We cover iterators in detail in the advanced course, but for now, note that we can get an iterator corresponding to a std::vector
index using MyVector.begin() + x
, where x
is the index we’re interested in.
So, for example, to erase the second item (the item at index 1
) from our array we’d use:
MyVector.erase(MyVector.begin() + 1);
The size()
of our array will be reduced by 1
, and all of the objects that were after the element we erased get moved by one position to the left to fill in the gap:
#include <iostream>
#include <vector>
class Character {
public:
std::string Name;
};
int main() {
std::vector<Character> MyVector;
MyVector.emplace_back("Aragorn");
MyVector.emplace_back("Gandalf");
MyVector.emplace_back("Legolas");
std::cout << "Second character is: "
<< MyVector[1].Name;
MyVector.erase(MyVector.begin() + 1);
std::cout << "\nSecond character is now: "
<< MyVector[1].Name;
}
Second character is: Gandalf
Second character is now: Legolas
We can modify objects in a std::vector
in the usual ways. We can replace the object at a given index using the assignment operator, =
:
#include <iostream>
#include <vector>
int main() {
std::vector MyVector{1, 2, 3};
std::cout << "Second number: "
<< MyVector[1];
MyVector[1] = 42;
std::cout << "\nSecond number: "
<< MyVector[1];
}
Second number: 2
Second number: 42
We can also call functions (including operators) on our objects as needed:
#include <iostream>
#include <vector>
class Character {
public:
Character(std::string Name) : mName{Name} {}
std::string GetName() { return mName; };
void SetName(std::string Name){
mName = Name;
}
private:
std::string mName;
};
int main() {
std::vector<Character> MyVector;
MyVector.emplace_back("Roderick");
std::cout << "First character: "
<< MyVector[0].GetName();
MyVector[0].SetName("Anna");
std::cout << "\nFirst character: "
<< MyVector[0].GetName();
}
First character: Roderick
First character: Anna
Our above example uses vectors with values, but we can store pointers and references in arrays too:
#include <vector>
class Character {};
// A collection of characters
std::vector<Character>;
// A collection of character pointers
std::vector<Character*>;
// A collection of const character references
std::vector<const Character&>;
Arrays can also store other arrays.

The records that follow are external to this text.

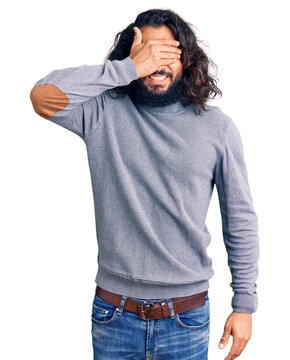 Young arab man wearing casual clothes smiling and laughing with hand on face covering eyes for surprise. blind concept.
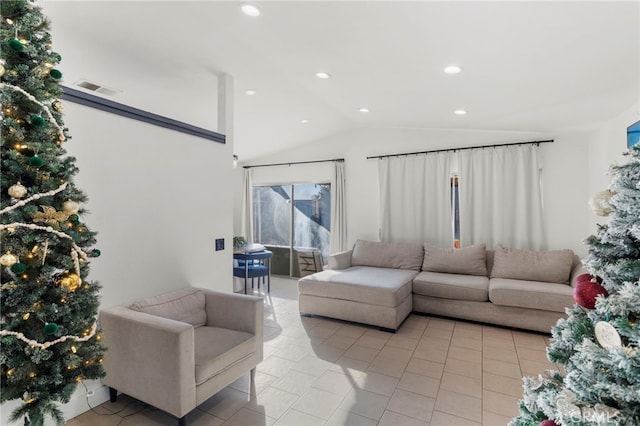 tiled living room featuring lofted ceiling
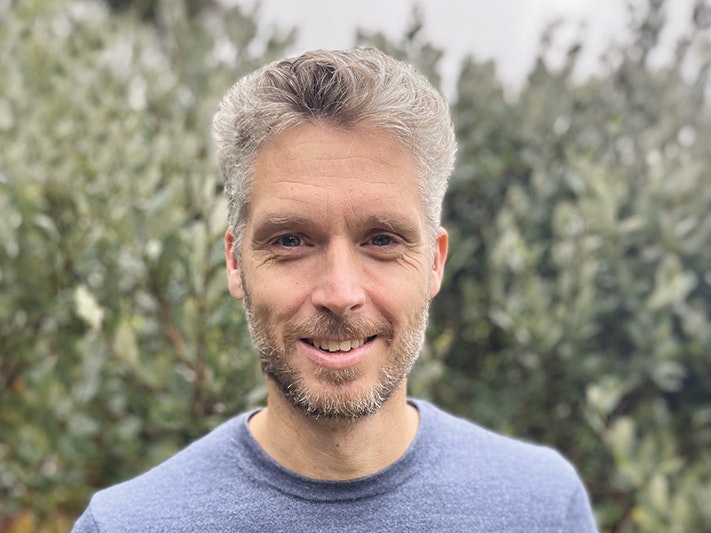 Ned Barraud. Photo courtesy of the author Head and shoulders of a white man with grey hair and a blue jumper. He is standing in front of green shrubbery.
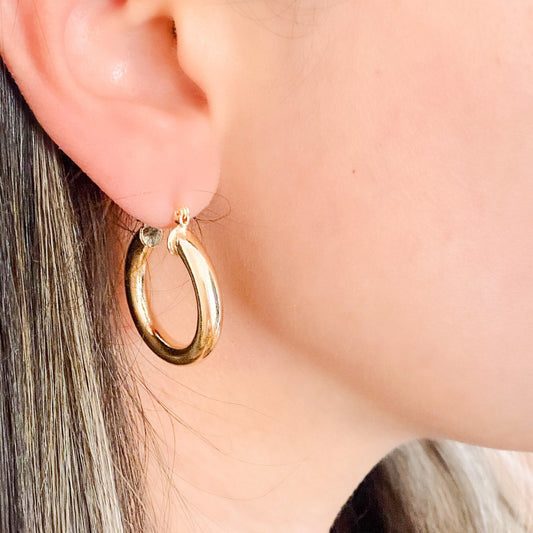 Chunky gold-filled hoops made in Brazil, hypoallergenic and water-resistant sold by ISVI Boutique Miami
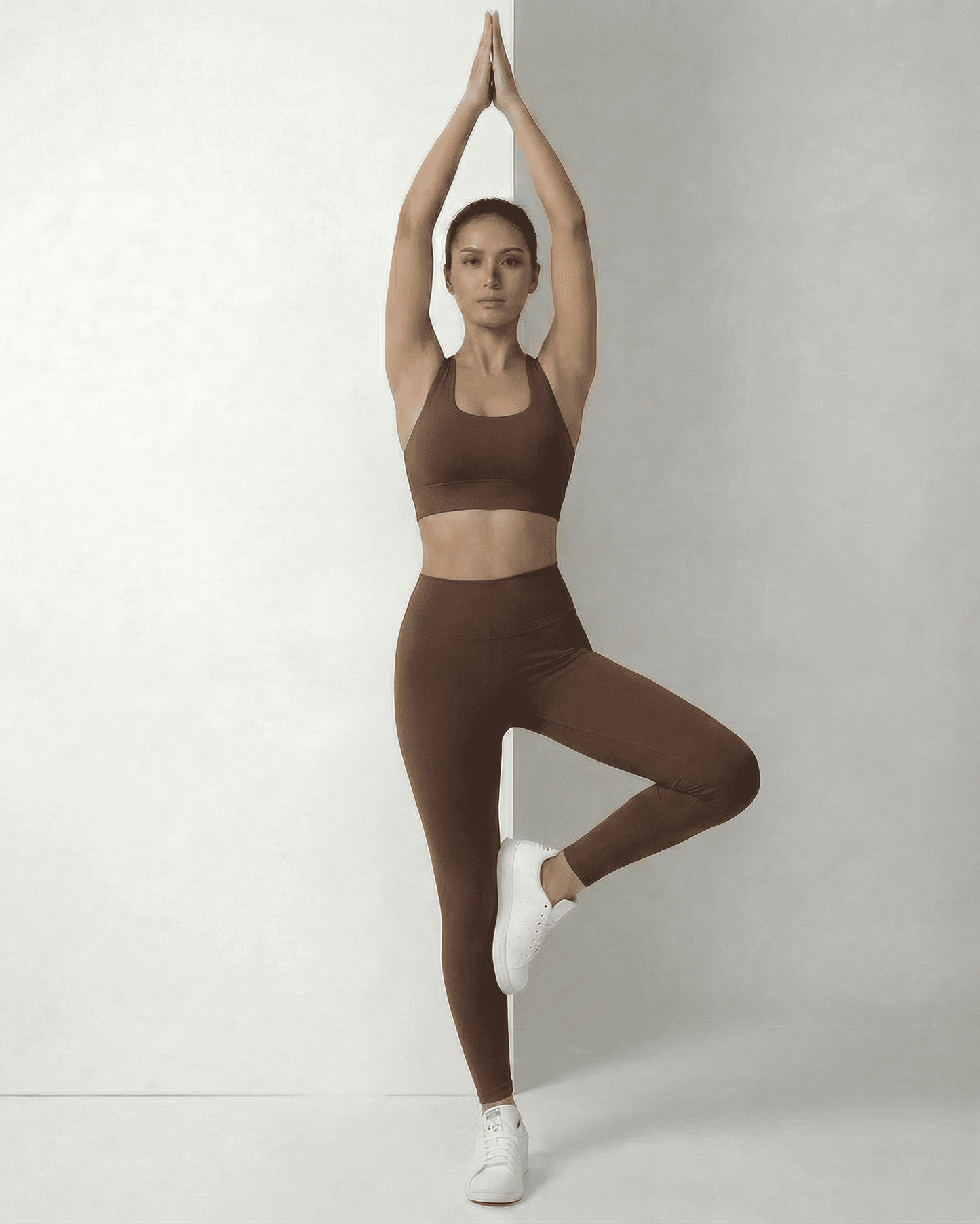 Model wearing Hazel Leggings by SLIMONA, showcasing sleek brown high-waist design in an active pose.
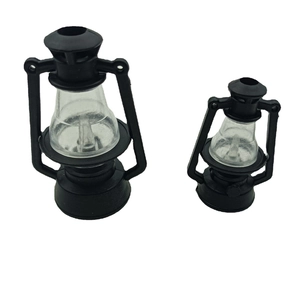 Set of two vintage black miniature lanterns in large and small sizes on white background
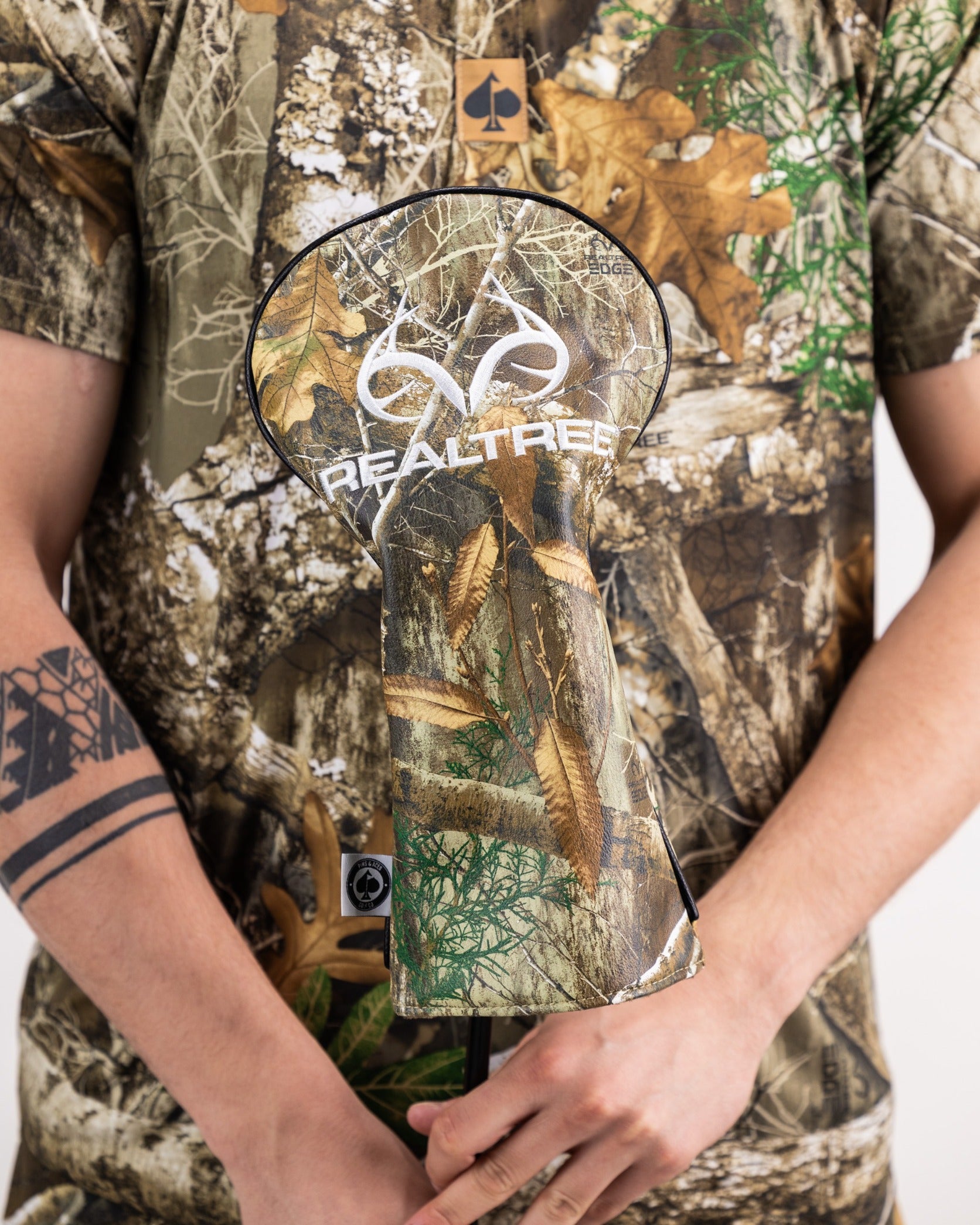 Realtree Edge Polo featuring a camouflage design, paired with a matching golf headcover, ideal for outdoor enthusiasts.
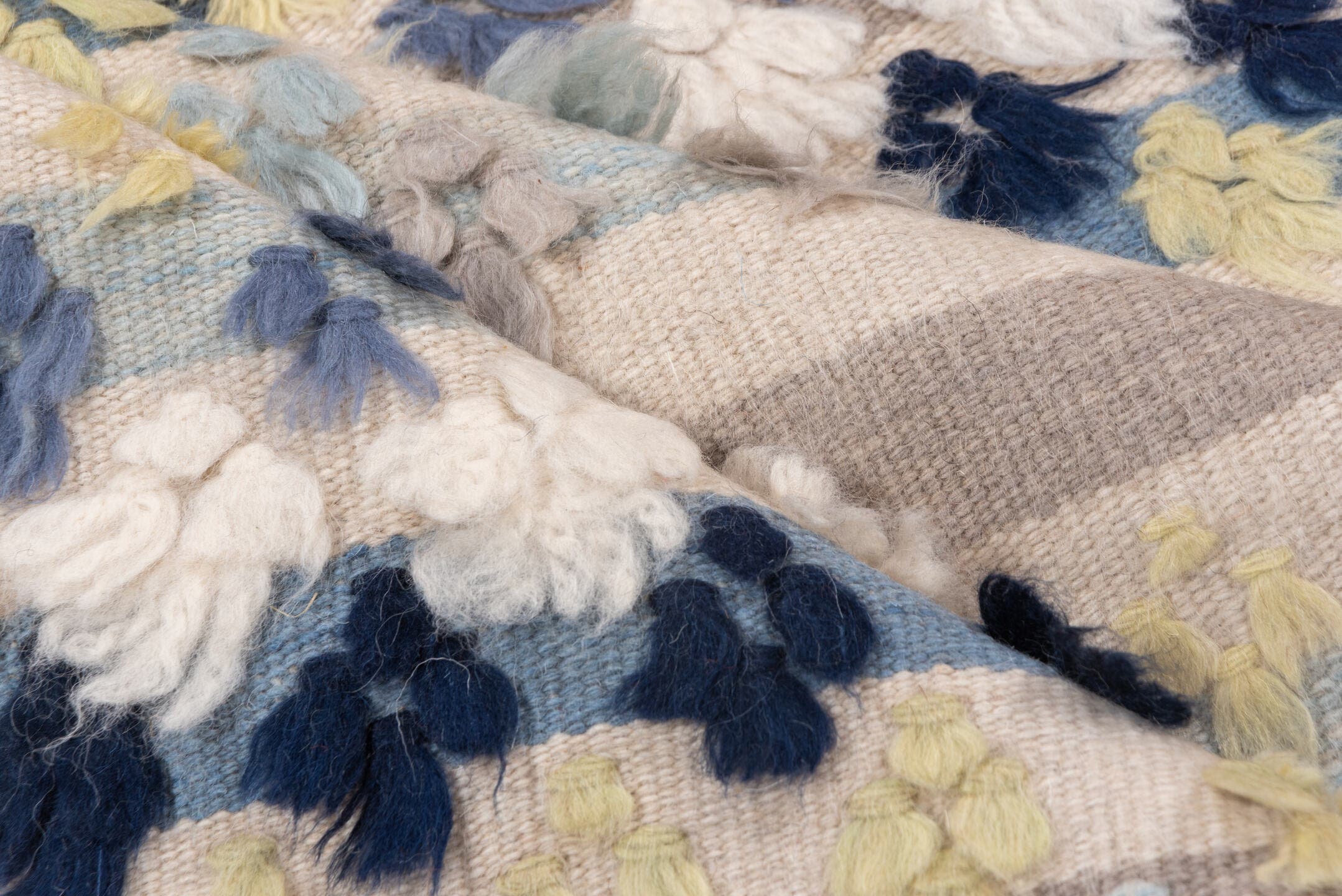 3' x 6' one-of-a-kind handmade vintage Tulu small size rug. Color palette: ivory, pale blue, taupe, navy, butter yellow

This creates "multidimensional arrays". For example, a 3x3 grid could be represented as an array of 3 rows, each row being an array of 3 items:
#include <vector>
#include <iostream>
std::vector<std::vector<int>> MyGrid {{
{ 1, 2, 3 },
{ 4, 5, 6 },
{ 7, 8, 9 }
}};
int main() {
std::cout
<< "Top Left: " << MyGrid[0][0];
std::cout << "\nBottom Right: "
// Alternatively: MyGrid.back().back()
<< MyGrid[2][2];
}
Top Left: 1
Bottom Right: 9
Remember, we can add a using
statement to alias complex types:
using Grid = std::vector<std::vector<int>>;
Grid MyGrid {{
{ 1, 2, 3 },
{ 4, 5, 6 },
{ 7, 8, 9 }
}};
We can treat a collection of objects like any other value. Below, we pass a collection to a function:
#include <iostream>
#include <vector>
using Grid = std::vector<std::vector<int>>;
void LogTopLeft(Grid GridToLog) {
std::cout << "Top Left: " << GridToLog[0][0];
}
int main() {
Grid MyGrid {{
{ 1, 2, 3 },
{ 4, 5, 6 },
{ 7, 8, 9 }
}};
LogTopLeft(MyGrid);
}
As with any other parameter, arrays are passed by value by default. The performance implications are particularly important here, as copying a collection of objects is inherently more expensive than copying a single object.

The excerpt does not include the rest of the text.